### [WORK TO BE COMPLETED]
Produce the lines from the one containing "DeWalt DCD805D2T Bor Tembok" through the end of the material exactly as they appear, both ends included, and leave the pictures out.

### [GIVEN DATA]
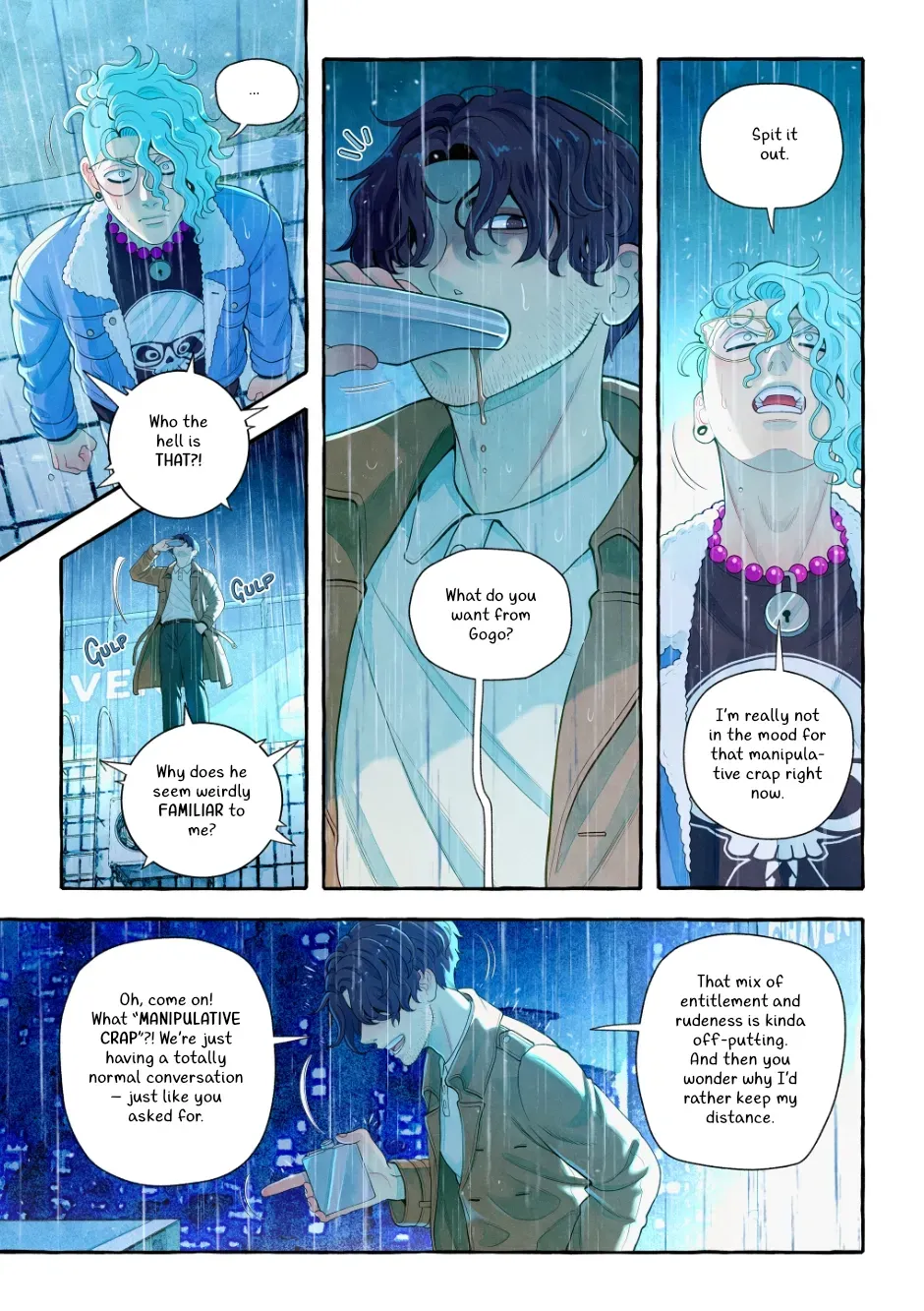 Back Home Blues Chapter 260 page 2 - 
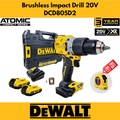 DeWalt DCD805D2T Bor Tembok
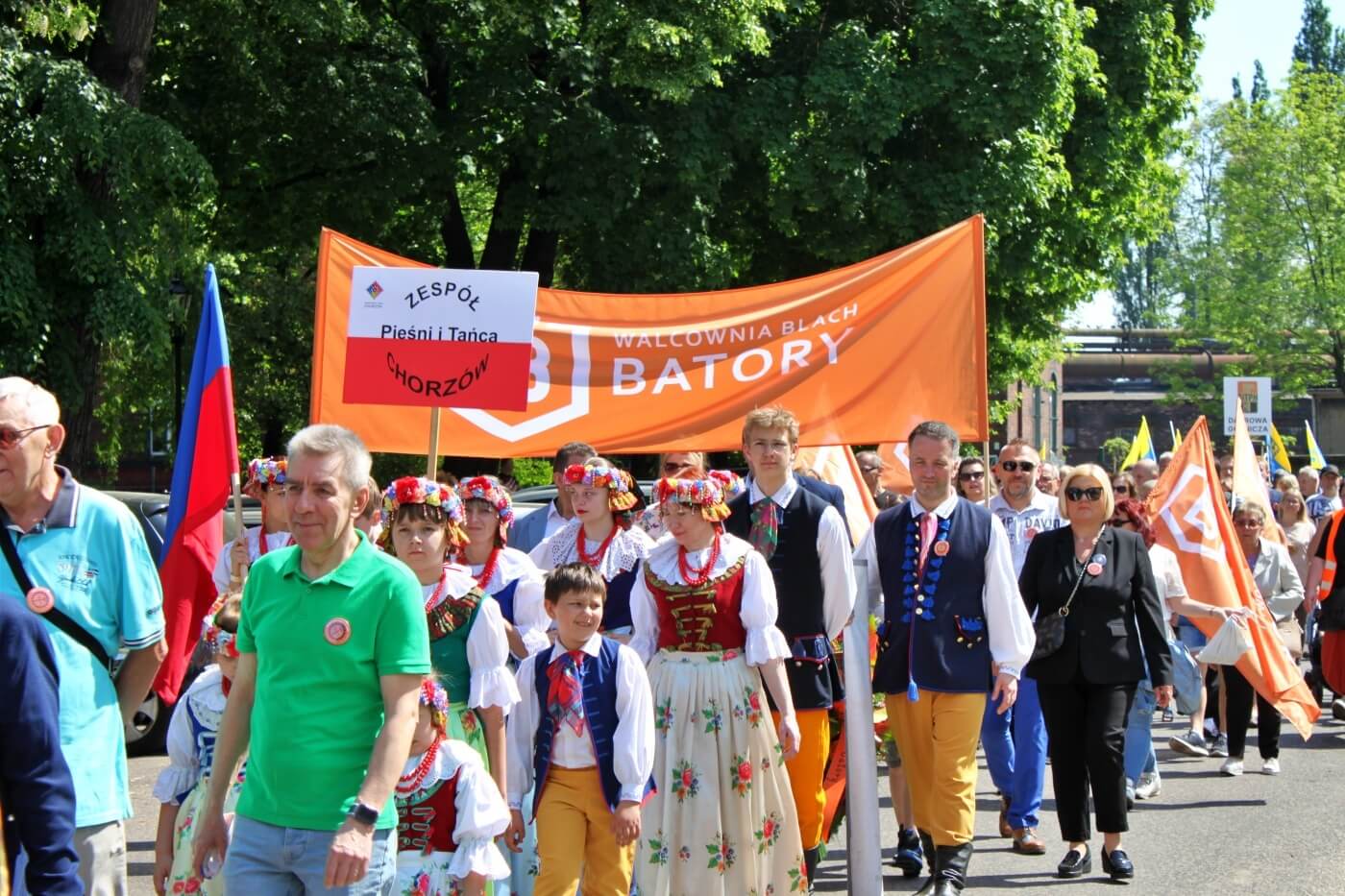 Chorzow pochod ludzi ognia 17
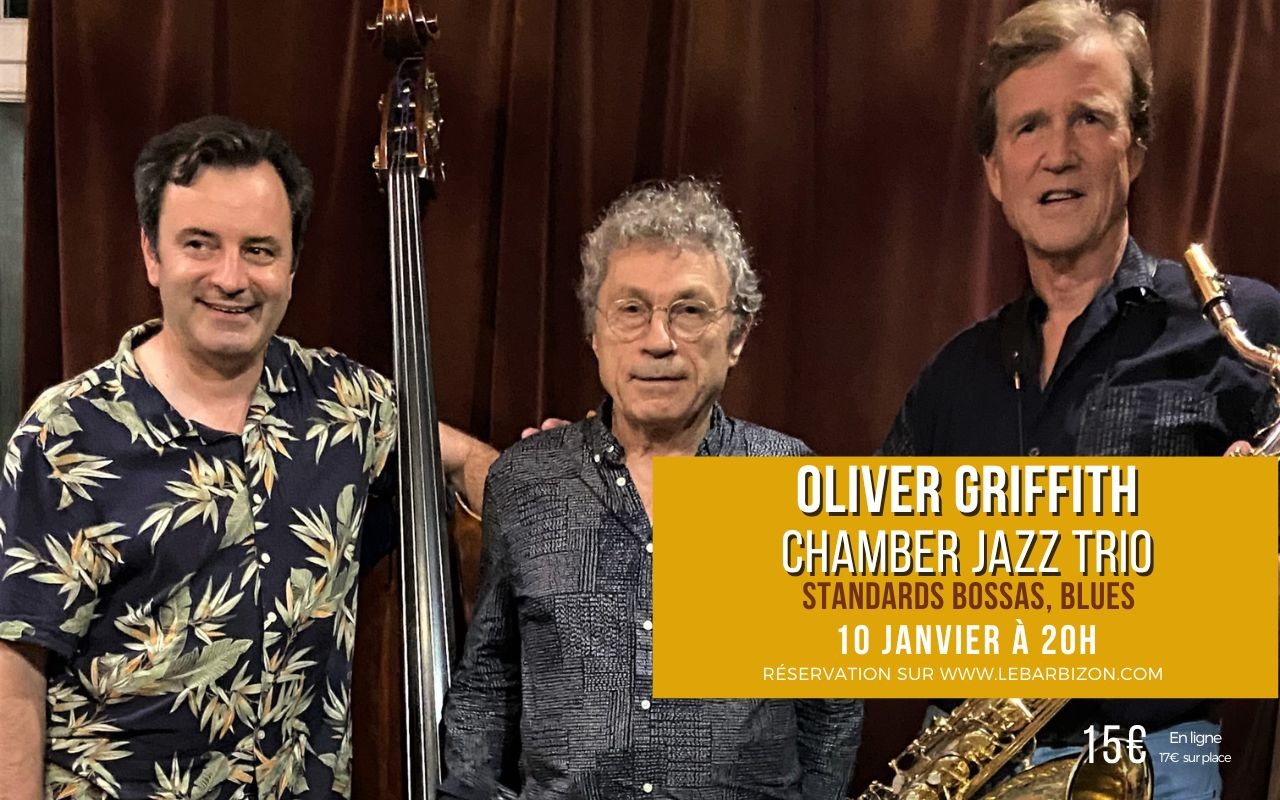 Oliver Griffith Chamber Jazz Trio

### [YOUR SOLUTION]
 DeWalt DCD805D2T Bor Tembok
 Chorzow pochod ludzi ognia 17
 Oliver Griffith Chamber Jazz Trio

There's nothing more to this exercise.